Lessons From a Rewrite Gone Right

Published in

Kustomer Engineering

8 min readFeb 8, 2022

David Druker and John Chen are frontend engineers at Kustomer and the authors of this blog post.

Never do a rewrite. Ever since Joel Spolsky wrote “Things You Should Never Do” 20 years ago, avoiding rewrites has been accepted as best practice across the software industry.

We recently faced the same question as the Netscape team — to rewrite or not to rewrite, with very different results. Was Joel wrong? Are there circumstances where a rewrite may actually be a better option? Now, with our new experiences, we want to share with you our answers to these questions.

Today, live chat is Kustomer’s biggest messaging channel by volume, even bigger than Email. Our live chat web app gets loaded more than half a billion times a month all over the world, and is one of the fastest and most lightweight live chat apps in the customer service industry with a complete bundle size of less than 200KB of JavaScript while other chat apps could be 5X bulkier with up to a megabyte in size. Our chat app even has decoupled UI and API components, so our clients have the much requested ability to build their own chat interface that connects to the Kustomer platform.

But things weren’t always like this.

Just a year ago, we failed to close a deal because we didn’t have the one feature a major potential client wanted: the ability to build their own UI. Additionally, within our live chat app lurked scalability and reliability problems. These were long standing issues that required architectural improvements, including

A large bundle size: After collecting information about the live chat apps of our competitors, we found our app was actually competitively sized. However, we had several ideas for how to significantly reduce our bundle size further given the chance.
Namespace pollution bugs: As an embed, our chat widget shares the same DOM as our customers’ websites. Because we support a wide range of browsers, including IE11, we used polyfills which sometimes clashed with our customers’ code and dependencies. Additionally, since every customer’s website was unique, each bug was unique, creating a huge time sink for both the customer experience and engineering teams.
Message reliability issues: As Kustomer grew and we signed more international customers, we started to notice a growing number of performance issues related to low bandwidth and less stable network connections. Intermittent blips in connectivity could mean a customer would never receive a support agent’s message, which was unacceptable.

This is when we faced the question: to rewrite or not to rewrite?

Firstly, for many software projects, freezing feature development for at least a few months to work on a rewrite is simply out of the question and an incremental refactor is the only option. In our case, because the live chat app was not Kustomer’s core piece of software, the option of a rewrite was easier to justify and the company was aligned on potentially having to do a rewrite as well.

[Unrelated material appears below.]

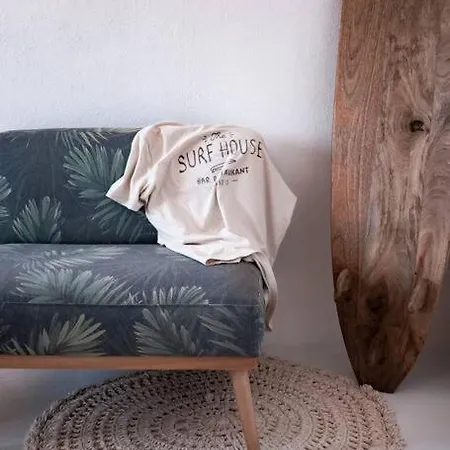 S'ard Surfhouse * 산 파스콸레
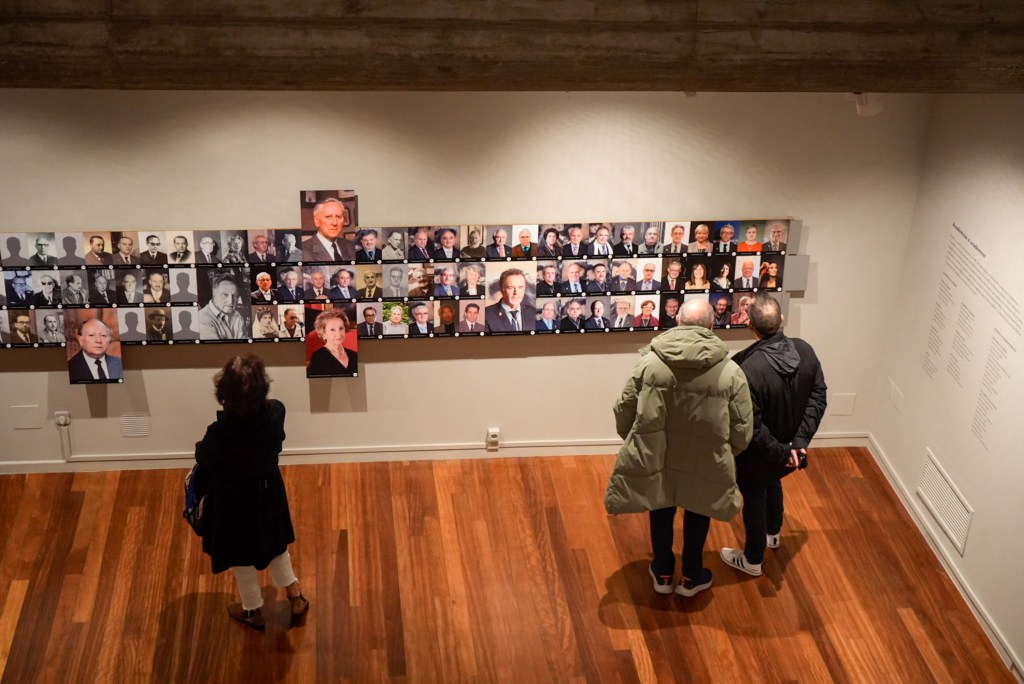 El Kiosco Alfonso acoge la exposición ‘A cidade das artes’ hasta el 27 de&nbsp;abril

We did eventually choose to rewrite the codebase, and here’s how we made our decision.

Rough initial estimates told us a refactor would take around three months and a rewrite would take one to two months longer. However, each of the above changes carried substantial added complexity and risk if done through an incremental refactor. In fact, it could be argued any of them could have justified a rewrite on its own.

On the other hand, we knew from literature such as Joel’s blog post, that rewrites could be a dangerous proposition. A common reason why organizations choose to rewrite over a refactor is because new patterns can look so different from existing patterns that a rewrite without the baggage seems easier to execute.

And this is true — in the beginning.

As a rewrite progresses, some parts of the old code may prove more difficult to replicate in the new codebase, and the goal to solve old problems may give way for new unanticipated problems. The original estimates start to balloon, and for every step you take, the end of the tunnel seems to grow two steps further away.

Essentially, even with a rewrite, we faced substantial complexity and risk. The difference was with an incremental refactor, we were confronted with the risk upfront, while a rewrite’s risk was deferred. For example, one of our ideas to reduce the bundle size was to move from React to Preact. We could see immediately that this would be difficult to do incrementally as it required us to maintain both UI libraries while migrating functionality over. It additionally required a lot of effort to thoroughly test for regressions over several months.

Through a rewrite, the risks weren’t as obvious, but there were many open questions that could lead to a potential rewrite being blocked entirely and requiring a do-over. For example, does Preact offer the features we need to achieve feature parity with our original chat app written in React? Does Preact have any open issues that could block us in the future?

Before we could start a rewrite, we needed to create a list of all of our open questions such as the ones above. Then we would need to address these open questions and make sure that our attempt to solve an existing problem would not simply spawn several new problems later.

We did this by

Reaching out to mentors and other senior engineers both internally and externally to help add and answer questions on our list.
Reading Third Party JavaScript. This is a must-read for building web apps that live on a customer’s website. The ways we used src-less iframes, and the HTML data attribute in our embed script were both teachings from the book.
Reading documentation on all the new technologies we were considering like Preact, src-less iframes, and PubNub to add and answer more open questions.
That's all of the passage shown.